What to do
All of the lines below are to be transcribed faithfully, with pictures excluded from the copy.

Data segment

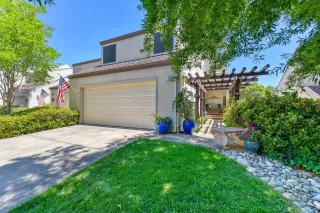 Photo #2: 221045093 Listing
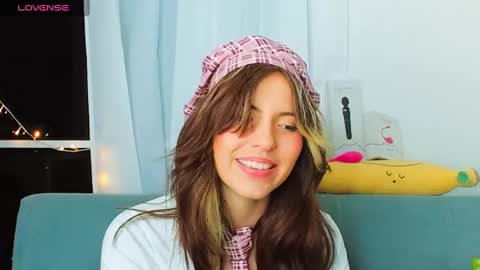 _yourcherrybomb online show from January 2025 06:03:01 AM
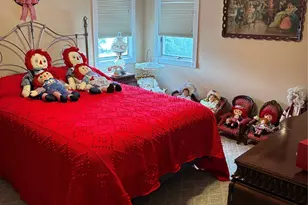 60 S Crescent Dr, Farmingdale, NY 11735 - Photo 6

Task response
 Photo #2: 221045093 Listing
 _yourcherrybomb online show from January 2025 06:03:01 AM
 60 S Crescent Dr, Farmingdale, NY 11735 - Photo 6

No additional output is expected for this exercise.